## EXERCISE INSTRUCTIONS
Copy out the entries word for word, leaving images aside.

[Start of section]

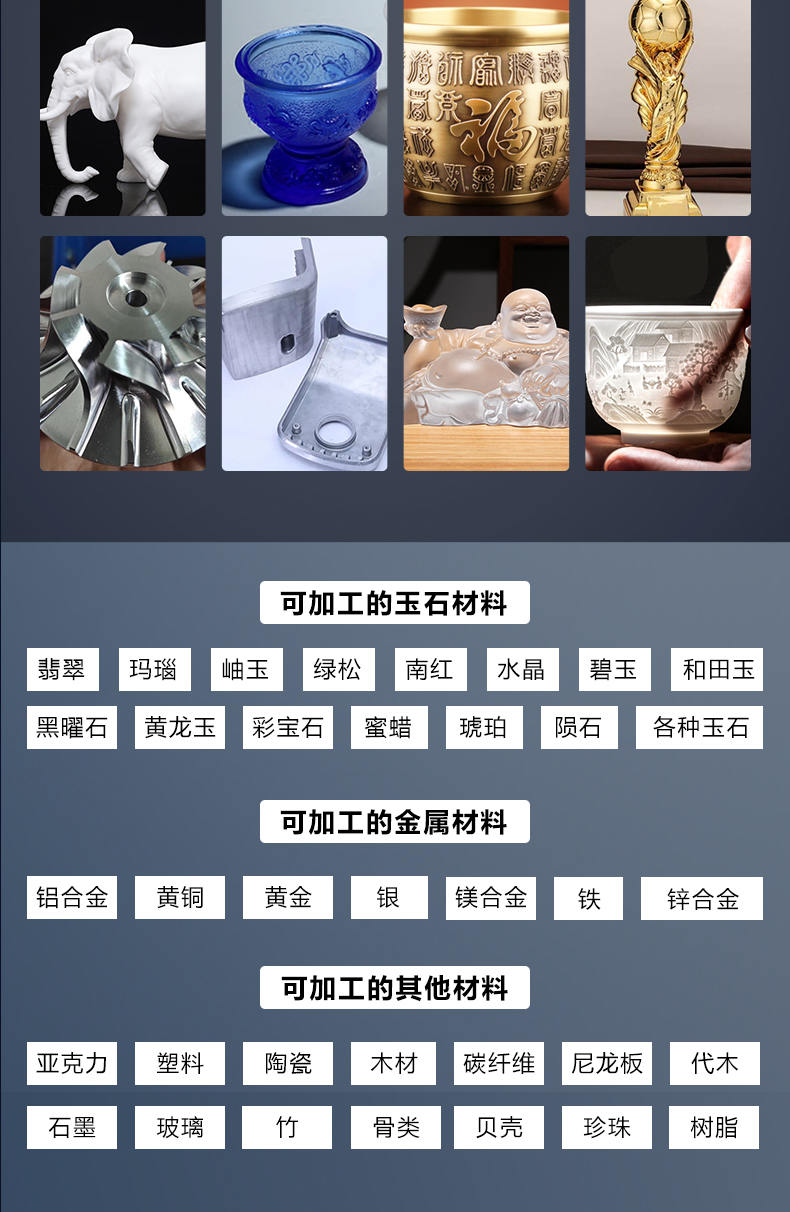 小型五軸雕刻機案例視頻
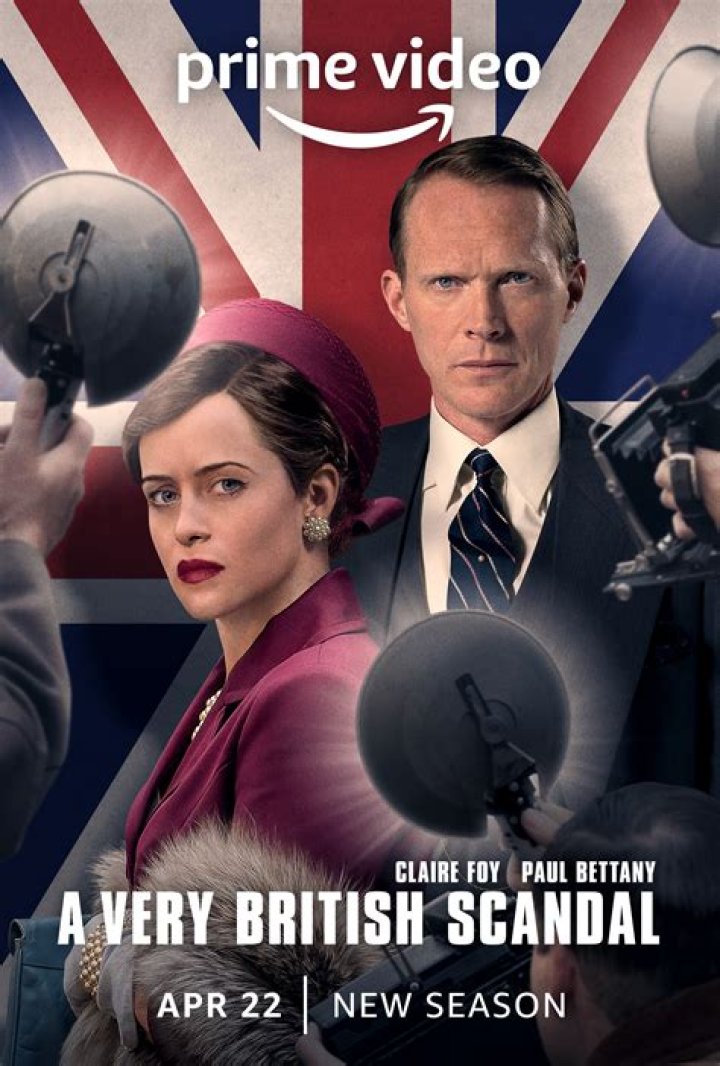 Is A Very British Scandal starring Paul Bettany on Netflix?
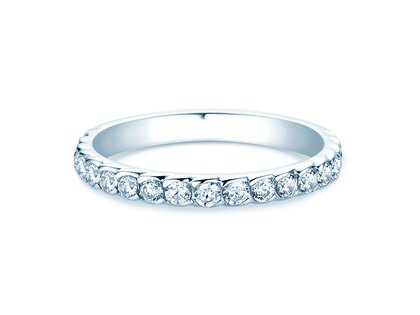 Bague de fiançailles Wave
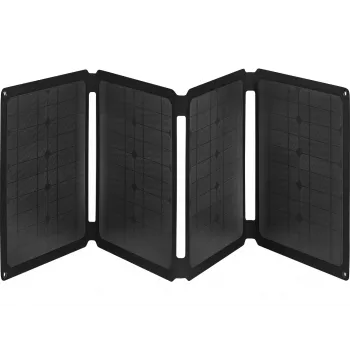 Sandberg Solar Charger 60W QC3.0+PD+DC Monocrystalline Czarny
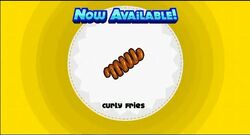 Unlocking curly fries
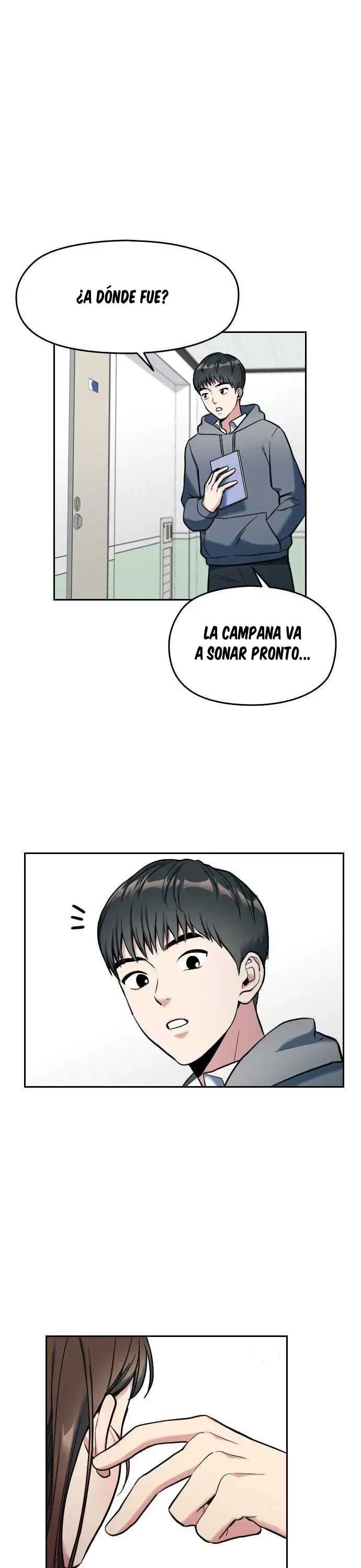 !Soy El único Que Puedo Verlo! Capitulo 1 página 18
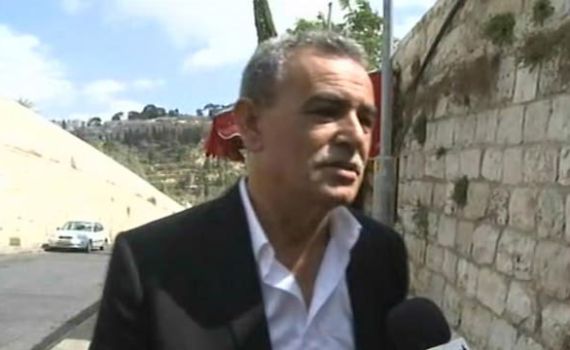 זחאלקה הגיע להר הבית: "מצפצף על נתניהו"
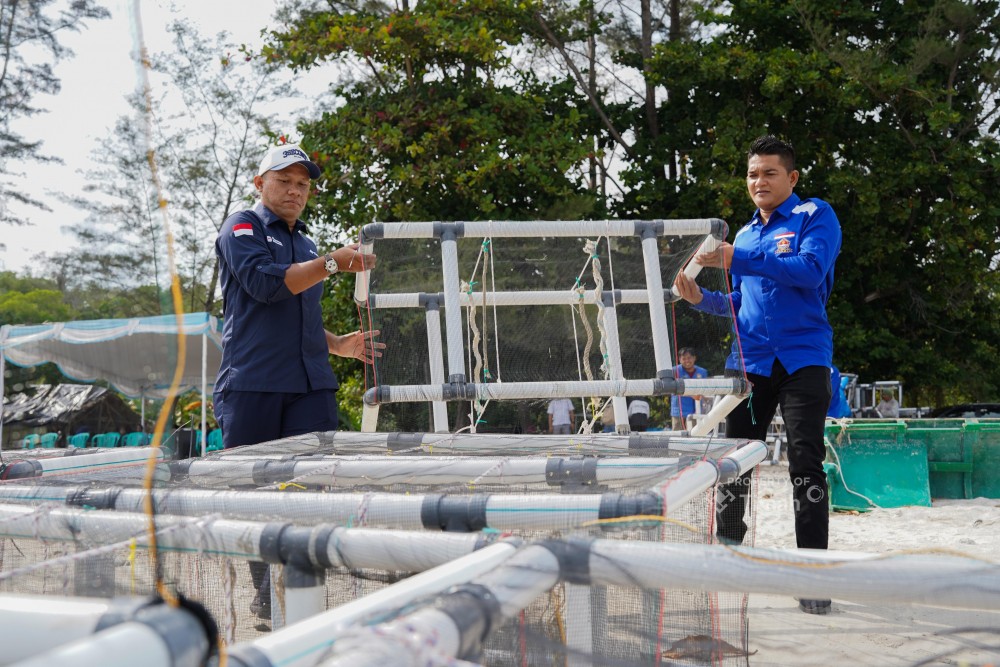 Bantu Nelayan Hemat Biaya Melaut dan Jaga Ekosistem Pesisir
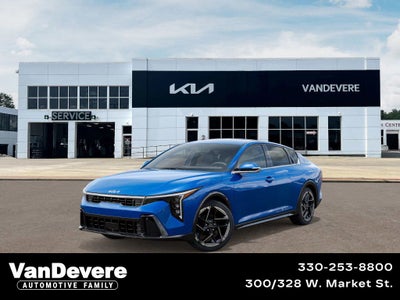 2025 Kia K4 GT-Line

[End of section]

## REPLY TO THE EXERCISE
 小型五軸雕刻機案例視頻
 Is A Very British Scandal starring Paul Bettany on Netflix?
 Bague de fiançailles Wave
 Sandberg Solar Charger 60W QC3.0+PD+DC Monocrystalline Czarny
 Unlocking curly fries
 !Soy El único Que Puedo Verlo! Capitulo 1 página 18
 זחאלקה הגיע להר הבית: "מצפצף על נתניהו"
 Bantu Nelayan Hemat Biaya Melaut dan Jaga Ekosistem Pesisir
 2025 Kia K4 GT-Line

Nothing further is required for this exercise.